**Exercise data**
········

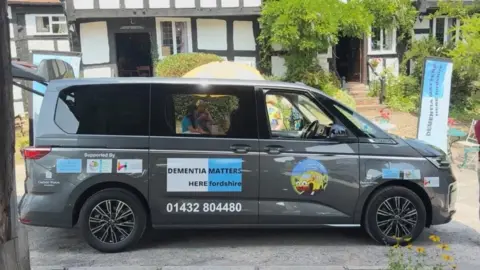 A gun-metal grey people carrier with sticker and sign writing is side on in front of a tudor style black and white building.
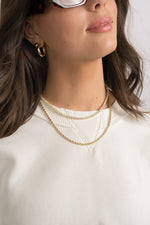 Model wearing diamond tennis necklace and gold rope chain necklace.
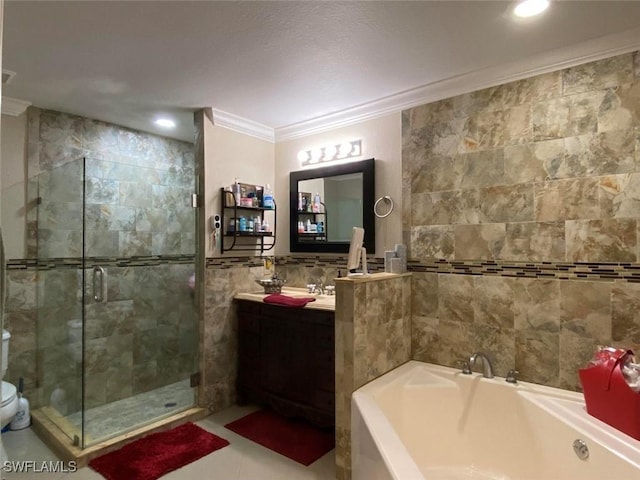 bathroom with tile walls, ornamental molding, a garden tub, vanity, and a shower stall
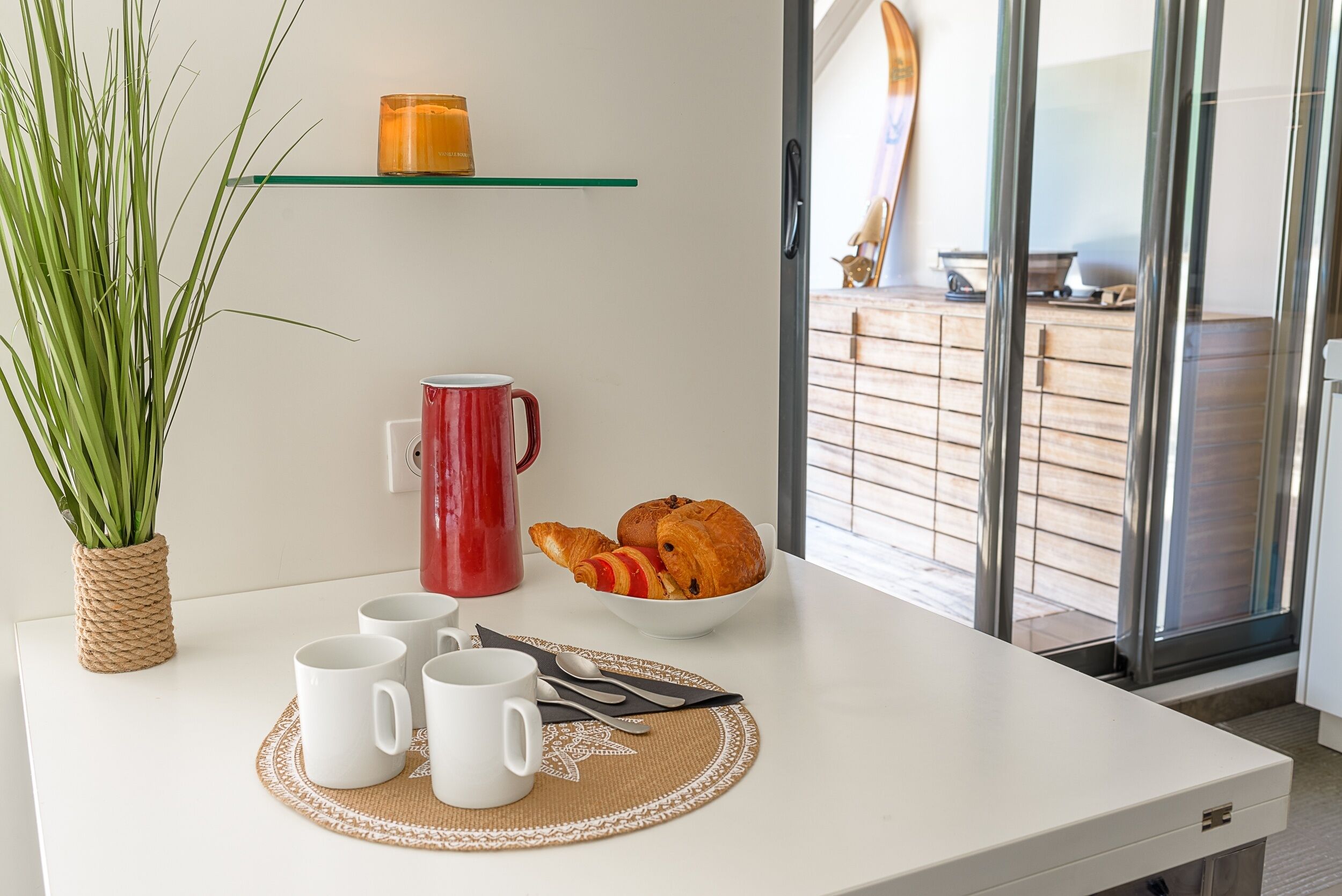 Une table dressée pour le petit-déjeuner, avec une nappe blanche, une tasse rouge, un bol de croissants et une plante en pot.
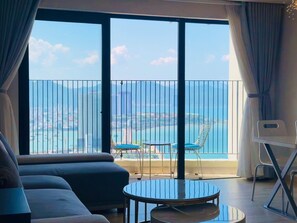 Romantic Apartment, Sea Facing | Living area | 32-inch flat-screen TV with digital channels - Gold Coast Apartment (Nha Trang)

········

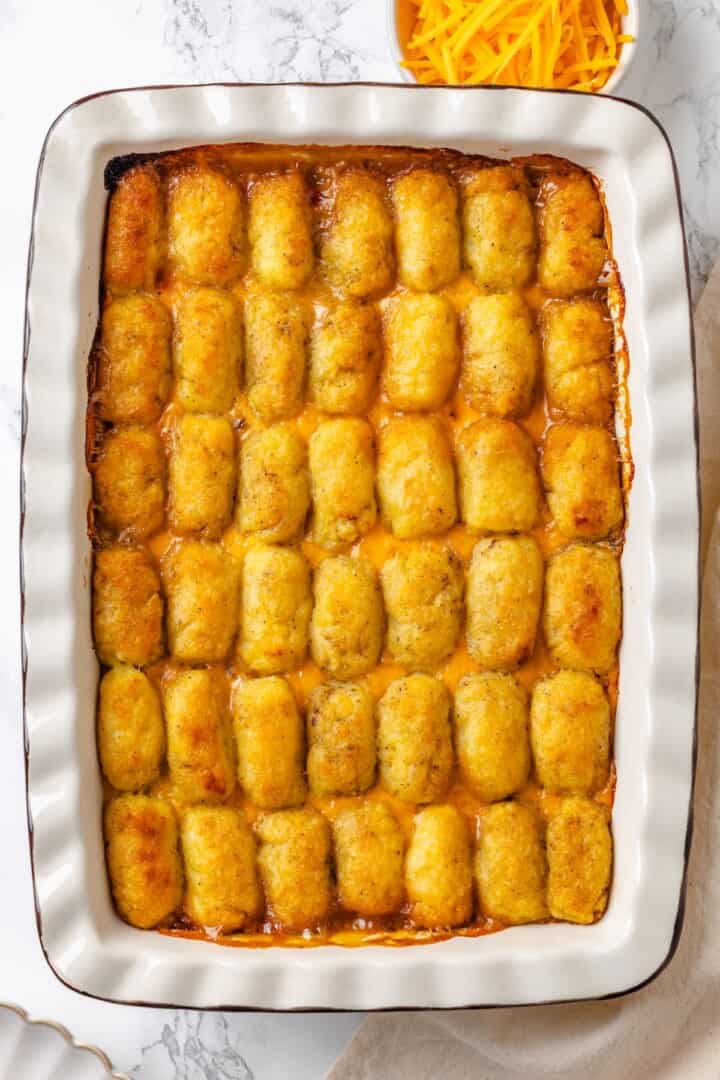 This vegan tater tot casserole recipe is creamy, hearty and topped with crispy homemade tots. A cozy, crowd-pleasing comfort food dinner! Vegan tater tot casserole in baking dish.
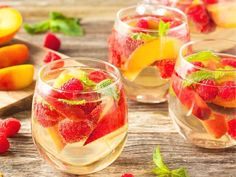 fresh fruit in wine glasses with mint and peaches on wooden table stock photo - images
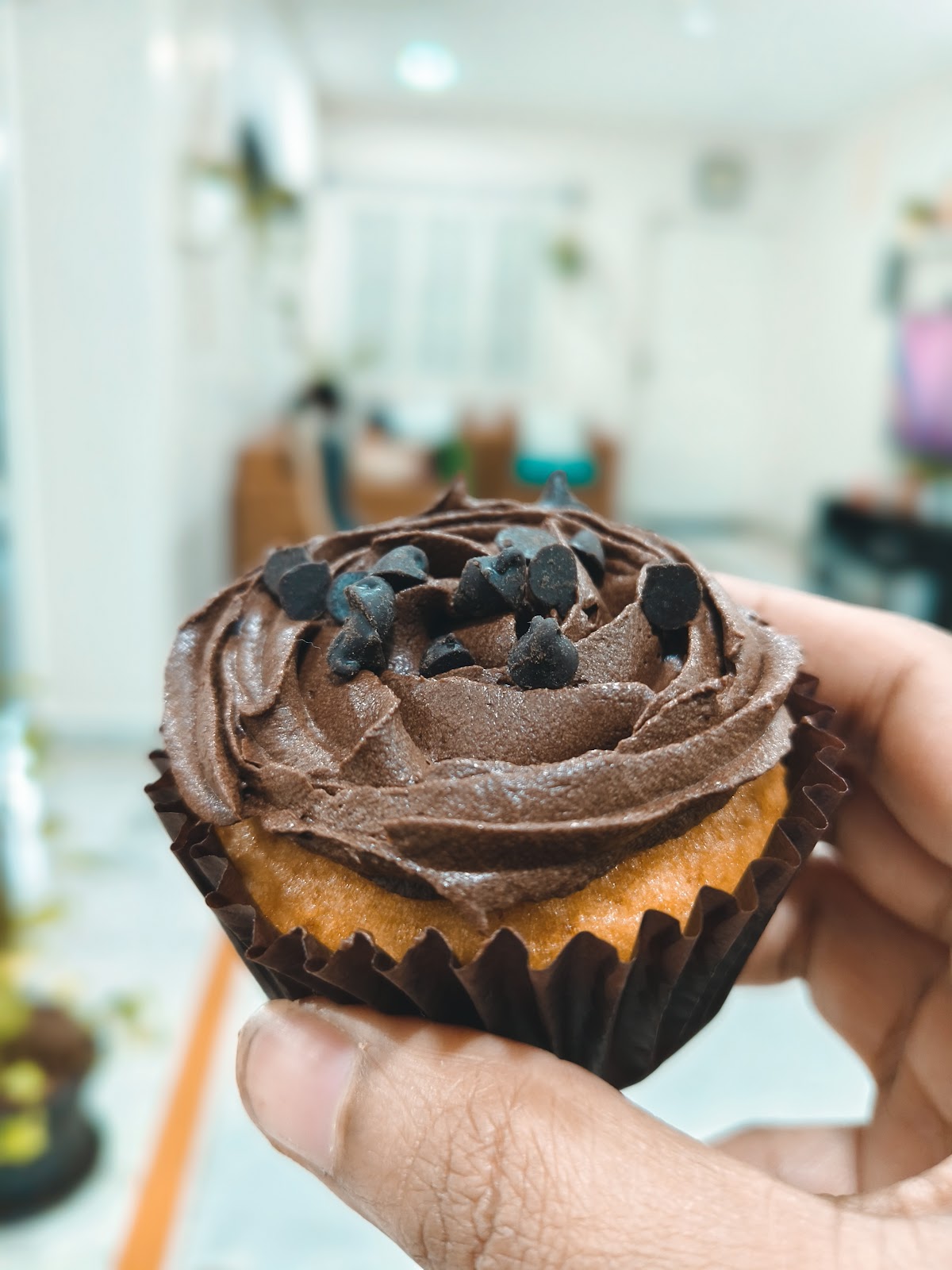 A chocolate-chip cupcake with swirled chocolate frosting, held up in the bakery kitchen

········

**What to do**
Looking above, find the stretch of lines that opens with the one holding "fresh fruit in" and closes with the one holding "A chocolate-chip cupcake". Copy it exactly, pictures excluded.

**Result**
 fresh fruit in wine glasses with mint and peaches on wooden table stock photo - images
 A chocolate-chip cupcake with swirled chocolate frosting, held up in the bakery kitchen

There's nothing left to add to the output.